Waylon Jennings singles chronology
| "Dreaming My Dreams with You" (1975) | "Are You Sure Hank Done It This Way" (1975) | "Can't You See" (1976) |

= Are You Sure Hank Done It This Way =

"Are You Sure Hank Done It This Way" is a song written and recorded by American country music artist Waylon Jennings. It was released in August 1975 as the first single from the album Dreaming My Dreams.
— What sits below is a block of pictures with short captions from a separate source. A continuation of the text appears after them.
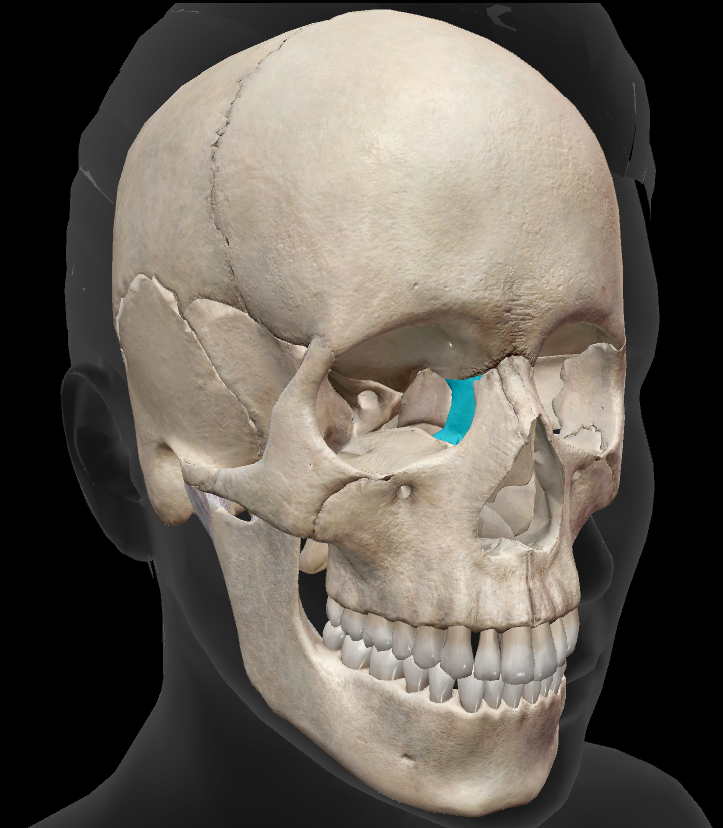 term image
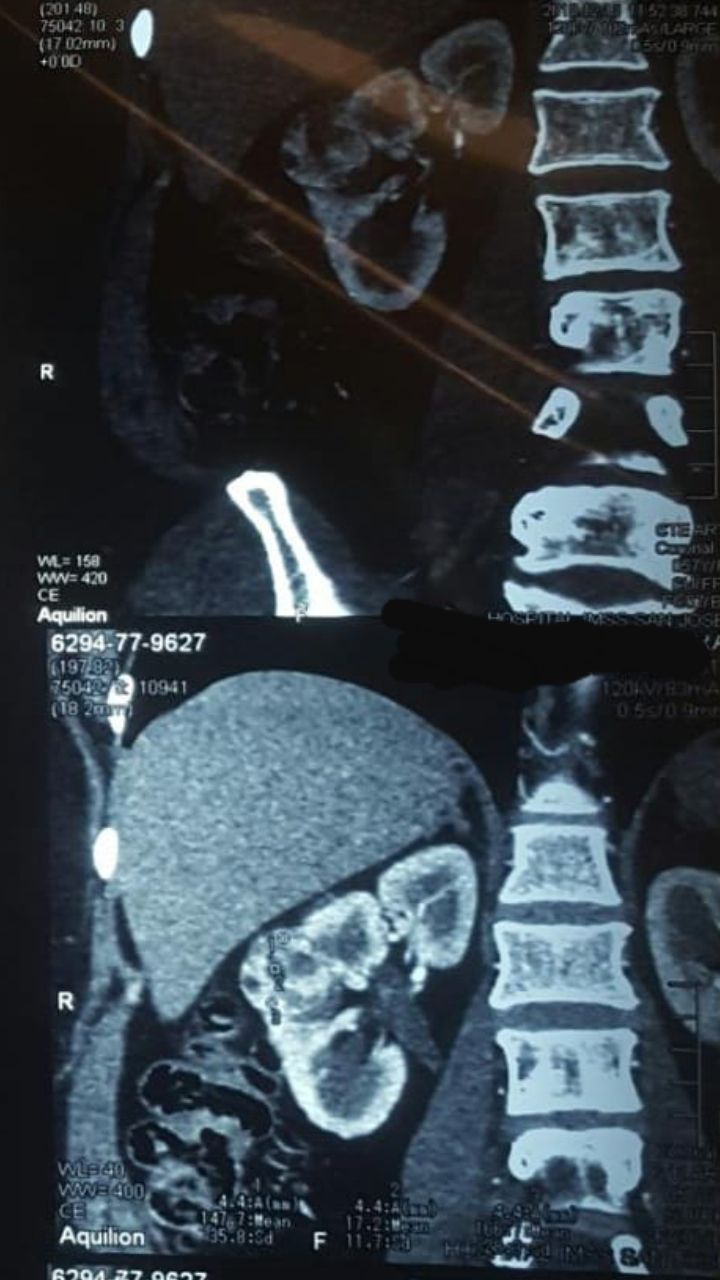 Pedro Enrique Martínez Constantino-20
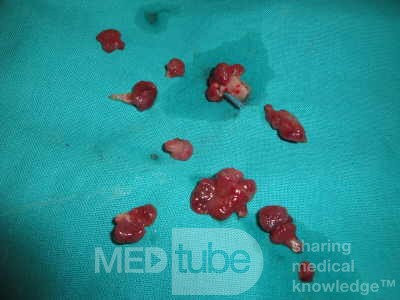 Huge Mass of the Descending Colon (25 of 25)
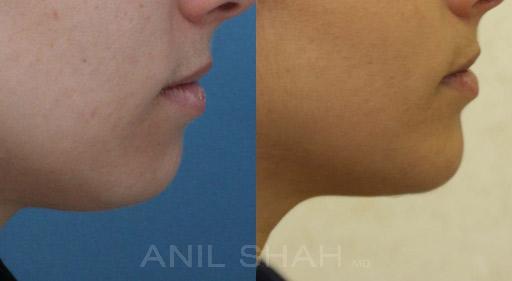 chin augmentation results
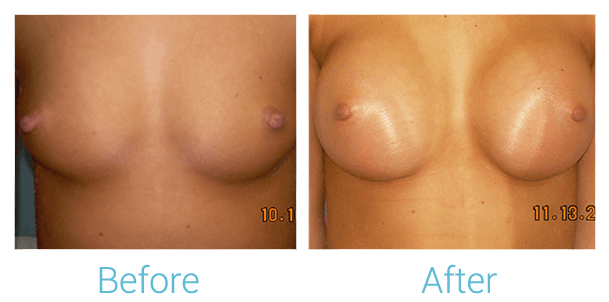 Breast Augmentation Before & After Gallery - Patient 58151794 - Image 1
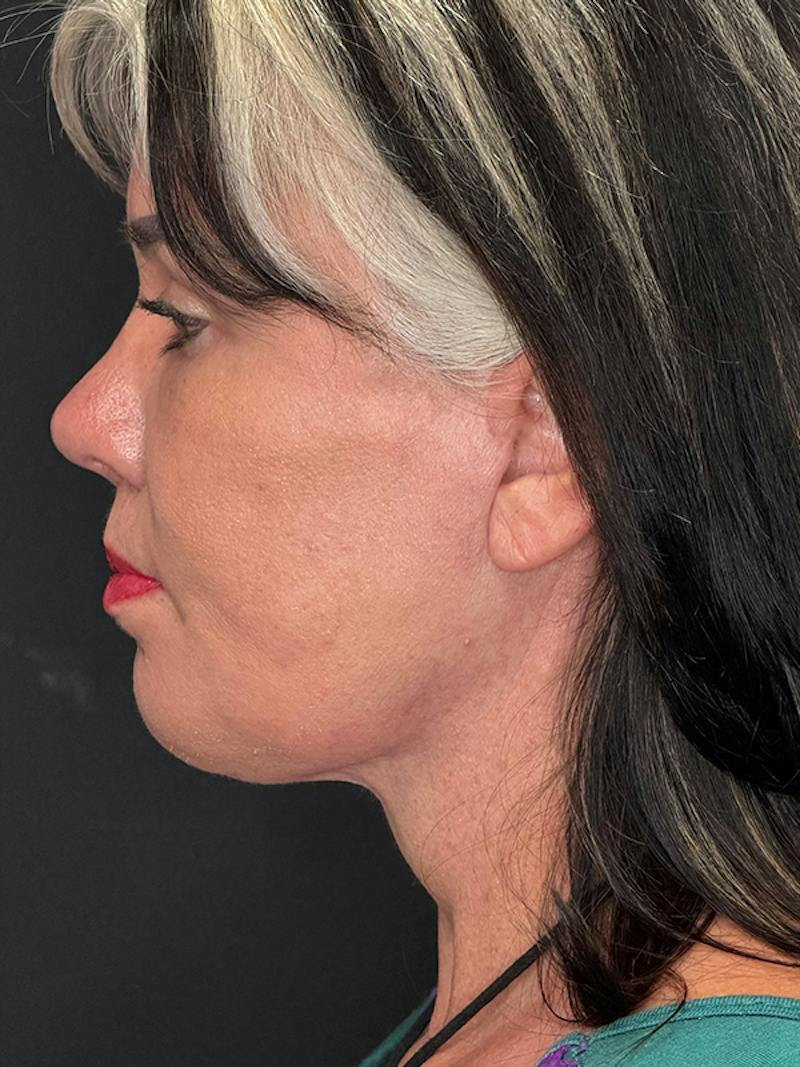 ContourLift Before & After Gallery - Patient 191038 - Image 12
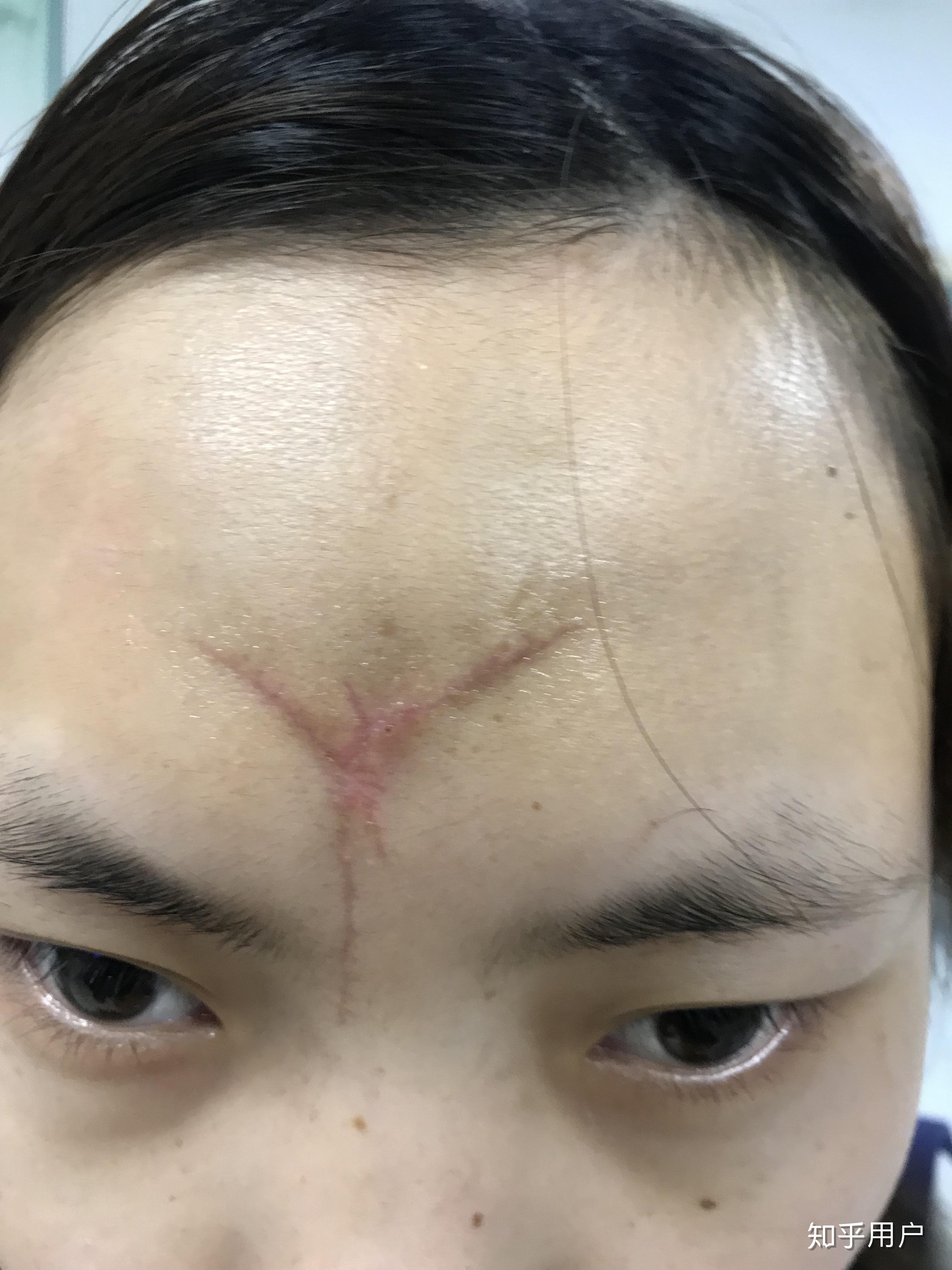 女生脸上有疤是怎样的体验? - 知乎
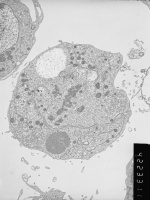 Prometaphase, group 4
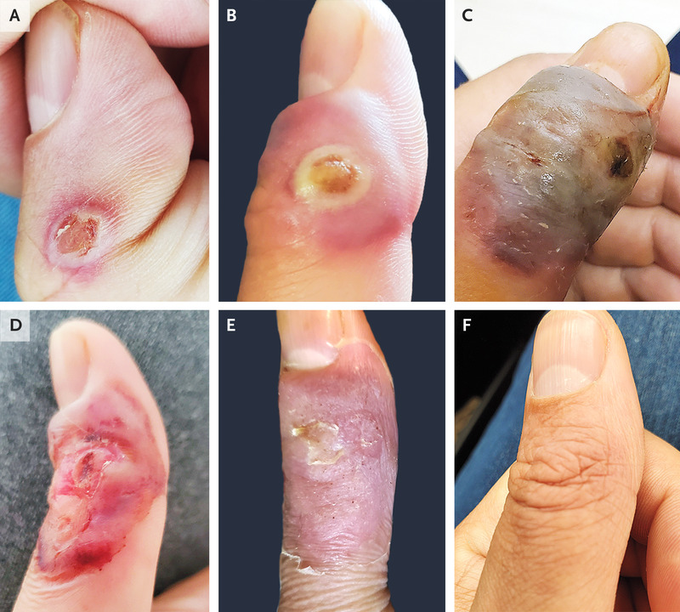 Orf - Case of Viral Skin Disease in 45-Year-Old Male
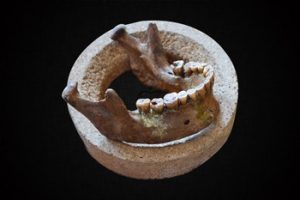 Malocclusion, a legacy of early sedentarism?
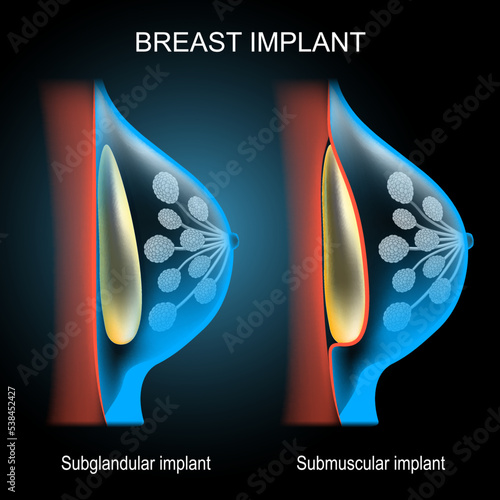 Breast implant placement comparison. x-ray blue scanning.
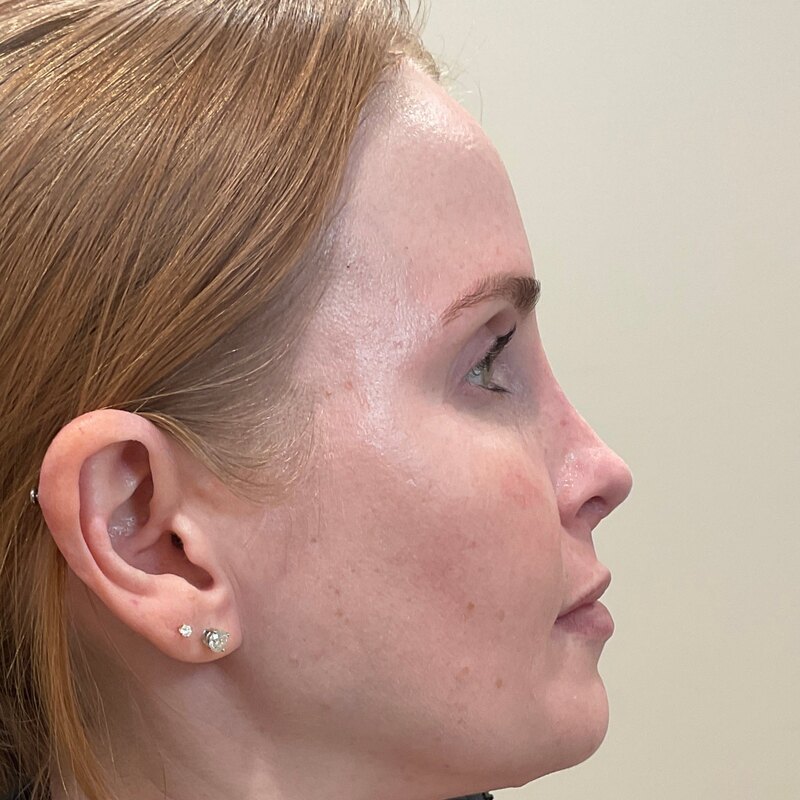 Dermal Fillers Before & After Image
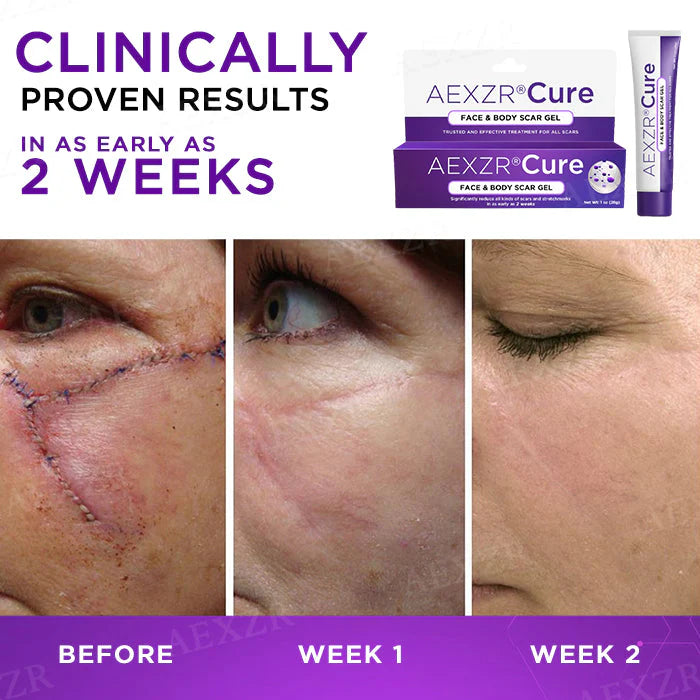 AEXZR® Cure Face & Body Scar Gel – Clinically proven to soften, flatten and fade surgical scars, acne marks, burns, keloids and trauma-related scars.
An outlaw country anthem, the song was Jennings' third number one on the country chart as a solo artist, spending sixteen weeks on the chart.

The A-side, "Bob Wills is Still the King", is a tribute to the music of Wills.

==Content==
Jennings, one of the driving forces of outlaw country, released Are You Sure Hank Done It This Way at the height of the movement's success. The song, penned by Jennings on the back of an envelope, captured the singer's frustration with the direction country music had taken over the previous two decades, largely as a result of the control country record labels held over their artists, and the resultant "Nashville sound".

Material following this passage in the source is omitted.